Auch wenn die Schauspieler sehr ausgewogene kollektive Leistung bieten, ragt, schon wegen dem Text, die Gestalt des Milchmannes Tovje heraus. Zdeněk Junák, von Ladislav Kolář alterniert, fasste den Protagonisten wie einen Mann mit festen Prinzipien, der immer einen Kampf zwischen dem Kleben an den Traditionen und der Stimme seines Herzens sowie Vernunft ausfechtet. Wenn die älteste Tochter Cajt den armen Schneider anstatt des reichen Fleischmannes heiraten will, gelingt es ihm, die Achtung vor den alten Regeln sowie die eigene Eitelkeit in sich zu unterdrücken, wenn aber die mittlere Tochter Chava einen Andersgläubigen geheimnisvoll heiratet, erklärt er sie mit Steinausdruck für tot. Die Junáks Leistung war nicht nur bei der Interpretation der bewährten Hits, wie das Lied Wäre ich Rotschild sein, zuverlässig, sondern auch bei kleinen humorvollen Austritten, wie z.B. bei der komischen Überspielung des fingierten Traumes vor der eigenen Frau. Miroslava Kolářová spielt ihre Golda mit Innenspannung wie eine abgerackerte Hausfrau, in der sich doch in gespannten Momenten Verständnis und Liebenswürdigkeit erwecken. Sie gab ihrer Heldin tragische Dimension, ohne dabei zu Nostalgie oder Pathos zu fallen.
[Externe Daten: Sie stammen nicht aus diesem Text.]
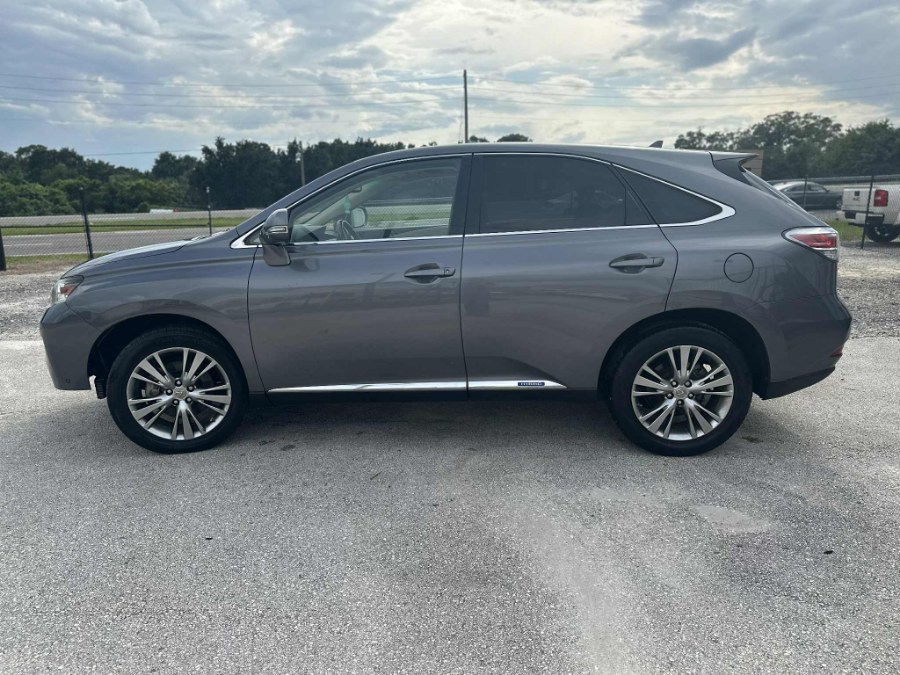 2013 Lexus RX 450h FWD 4dr Hybrid, available for sale in Orlando, Florida | Mickeys Driver Mart. Orlando, Florida 2013 Lexus RX 450h FWD 4dr Hybrid, available for sale in Orlando, Florida | Mickeys Driver Mart. Orlando, Florida
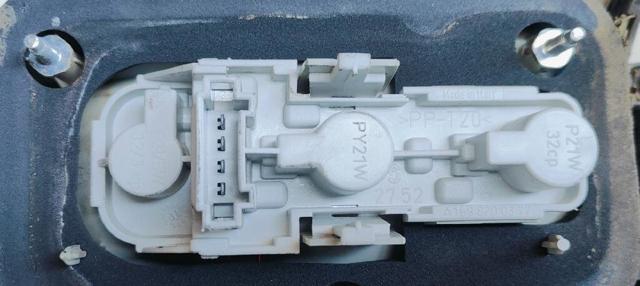 MERCEDES A1698202664 Piloto trasero exterior derecho  disponible Lugo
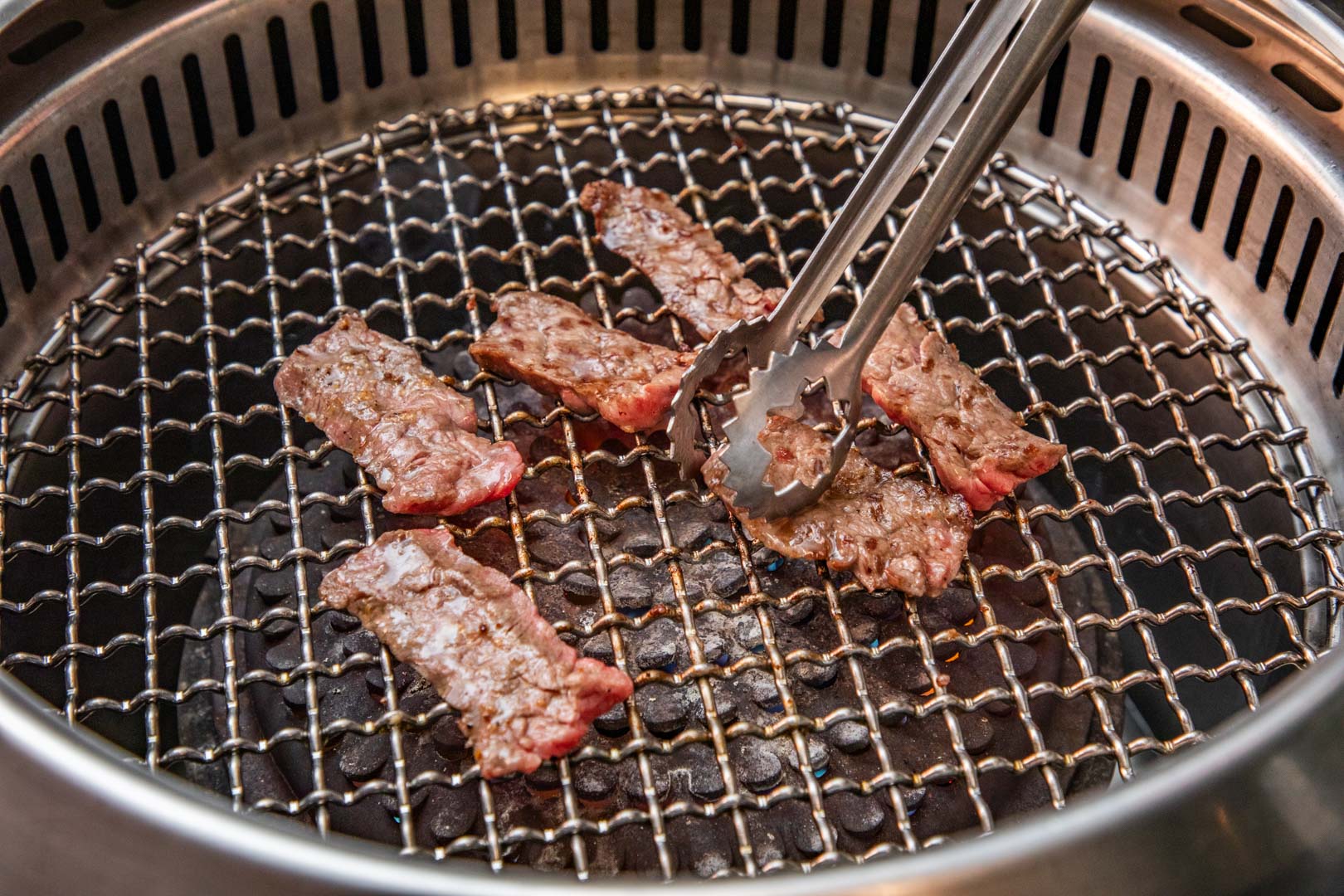 新竹燒肉,上野村日式燒肉專門店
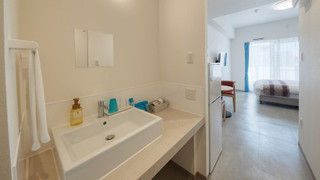 スタンダード ダブルルーム 禁煙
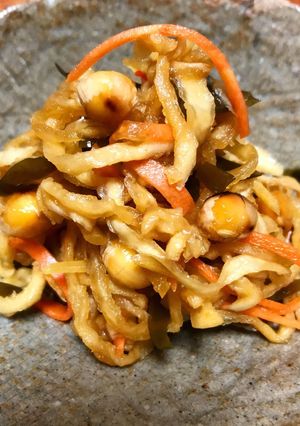 宮崎郷土料理 まだか漬け-レシピのメイン写真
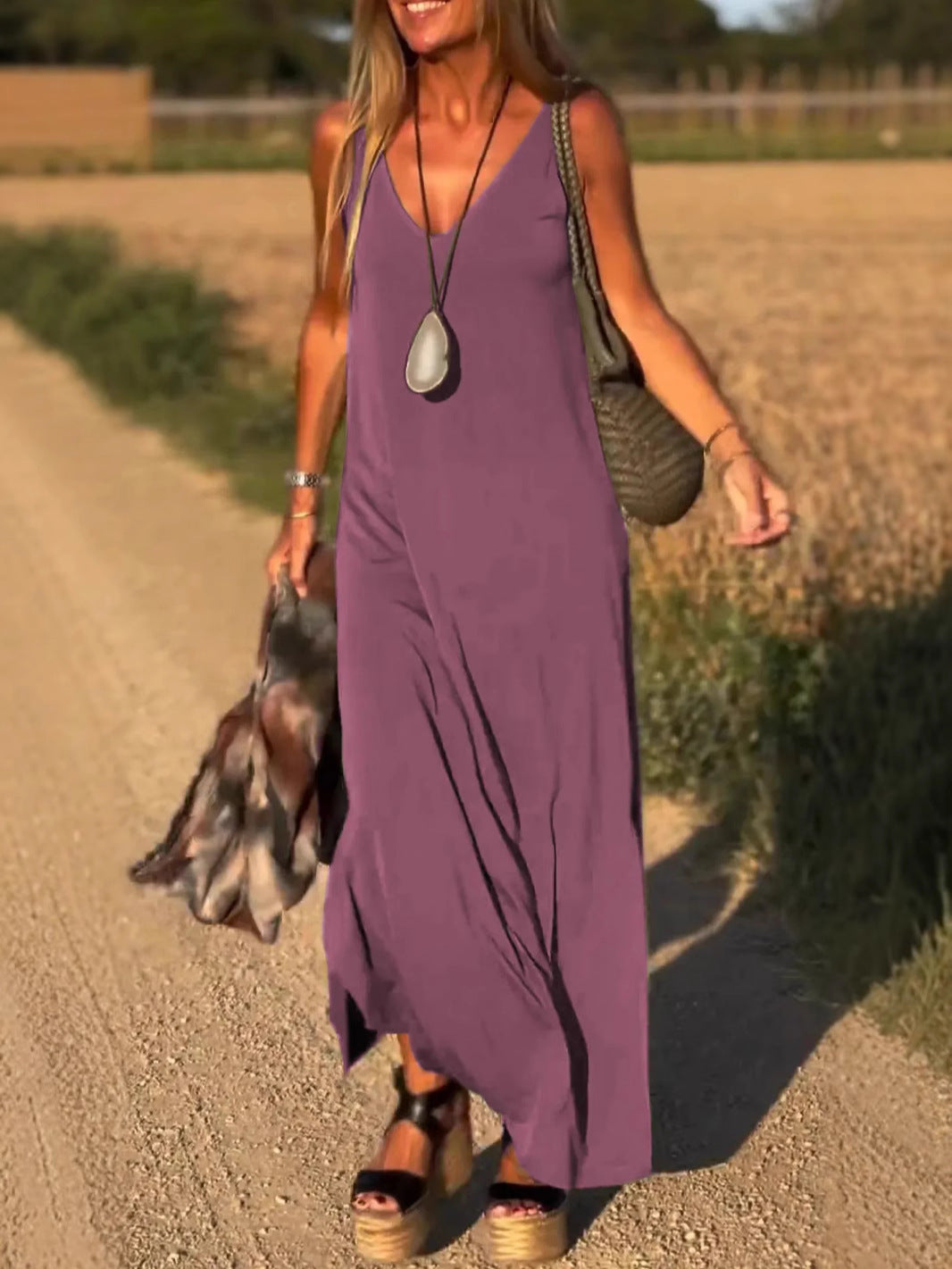Isabela™ – Cheerful Dress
An der Inszenierung Der Fiedler auf dem Dach im Stadttheater Brno ist sympathisch, dass es sich um keine polierte Schau handelt. Einfache Szene, strenge Kostüme, sparsame Schauspielkunst – das sind die Mittel, mit denen die einfache Geschichte über einfache Menschen in einer ungastlichen Welt die Dimension einer wirkungsvollen Tragödie bekommt. Diese Feststellung ist umso mehr wertvoller, dass solcher Zutritt zum Musical in unserem Land nicht gewöhnlich ist.